* _Supplied information_
++++++++++
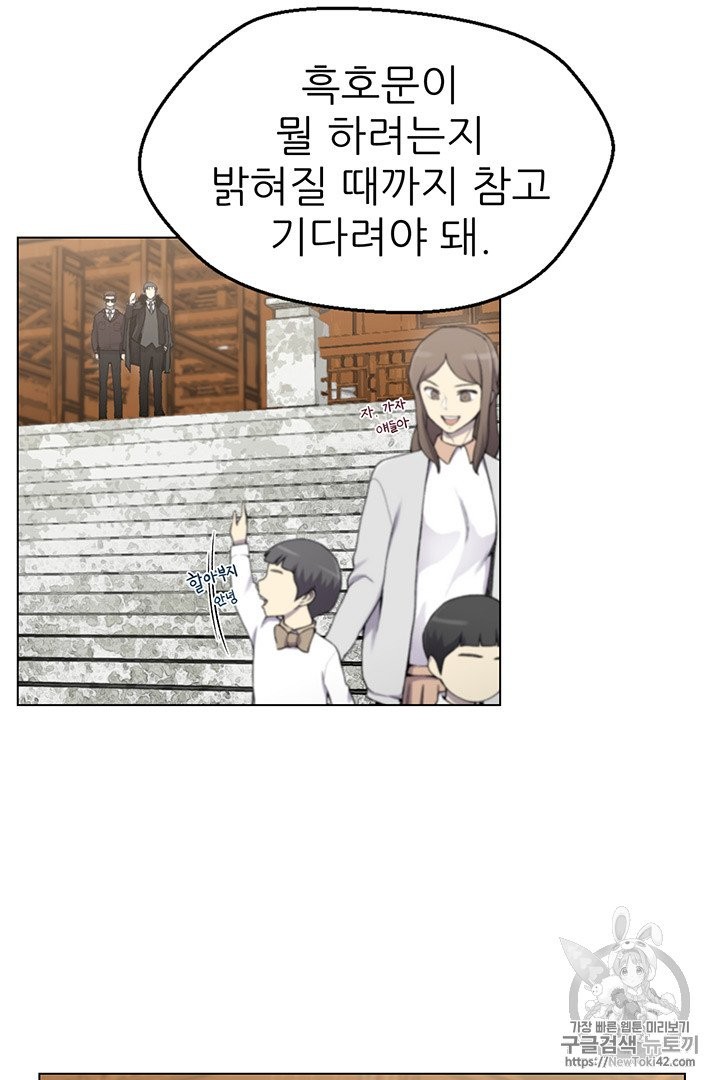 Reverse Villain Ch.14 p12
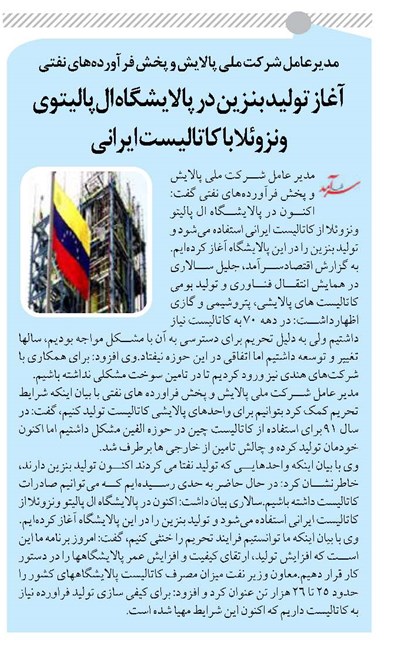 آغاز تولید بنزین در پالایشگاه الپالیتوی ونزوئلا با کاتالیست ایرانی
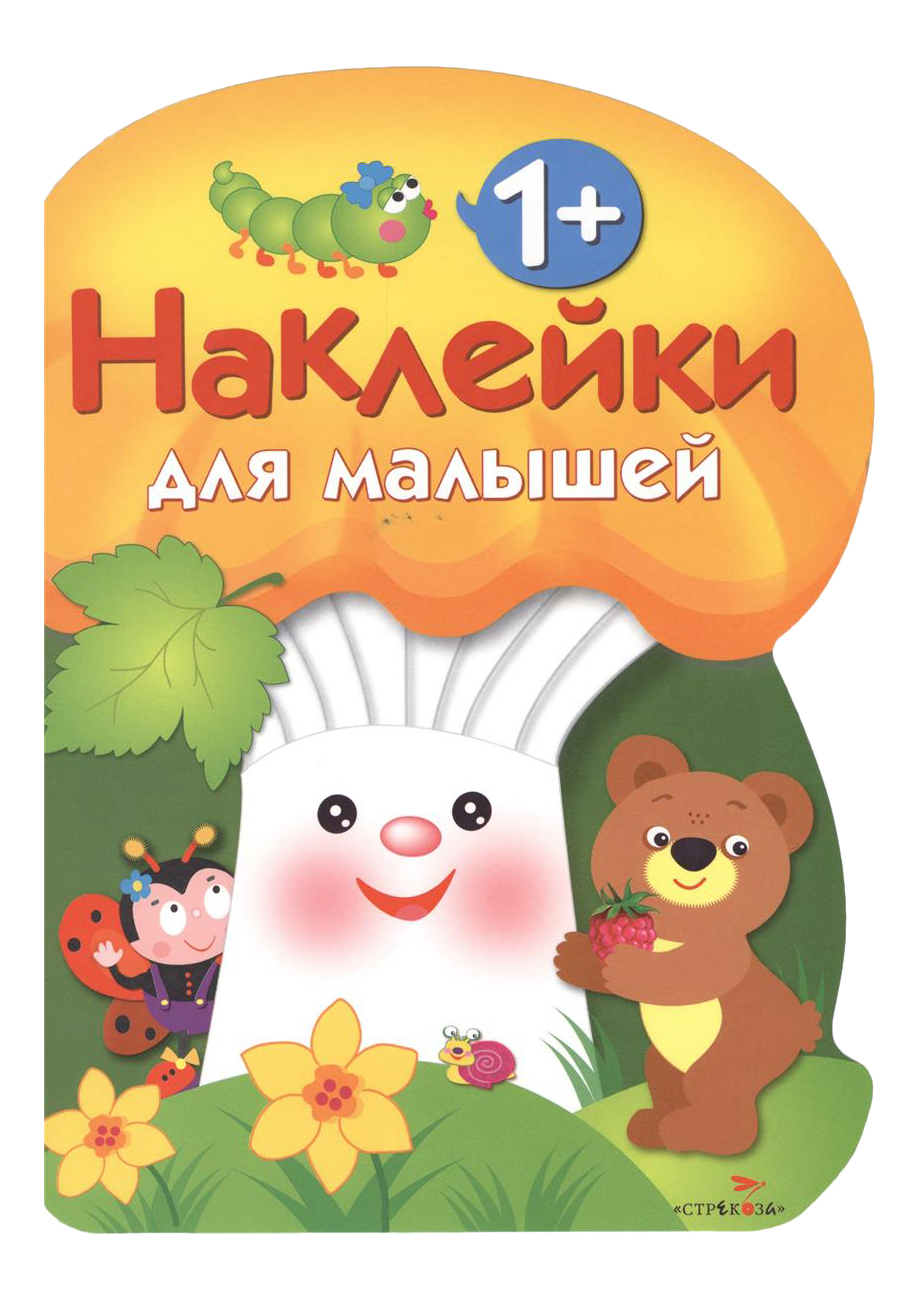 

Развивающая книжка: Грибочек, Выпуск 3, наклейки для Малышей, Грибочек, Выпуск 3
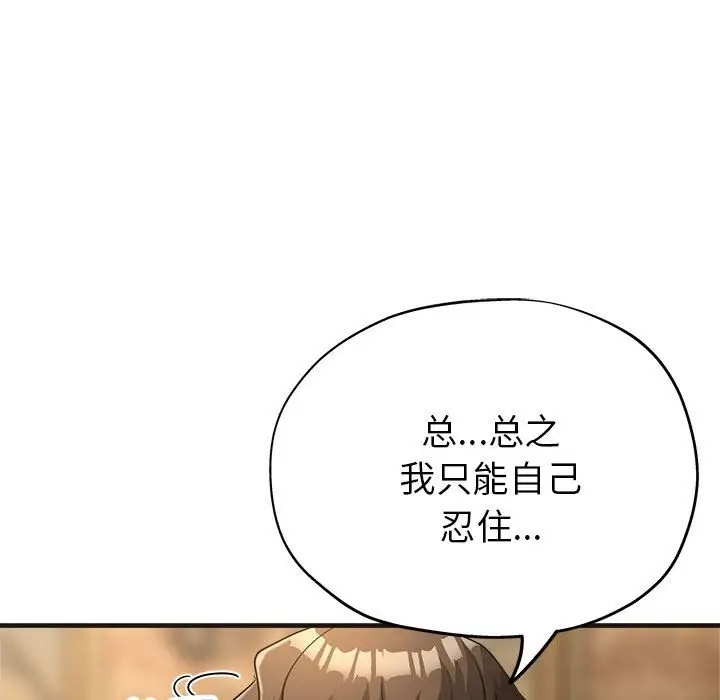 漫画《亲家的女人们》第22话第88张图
++++++++++
* _What is needed_
Print the material above once more, exactly. No pictures belong in it.

* _Reply to the exercise_
 Reverse Villain Ch.14 p12
 آغاز تولید بنزین در پالایشگاه الپالیتوی ونزوئلا با کاتالیست ایرانی

Развивающая книжка: Грибочек, Выпуск 3, наклейки для Малышей, Грибочек, Выпуск 3
 漫画《亲家的女人们》第22话第88张图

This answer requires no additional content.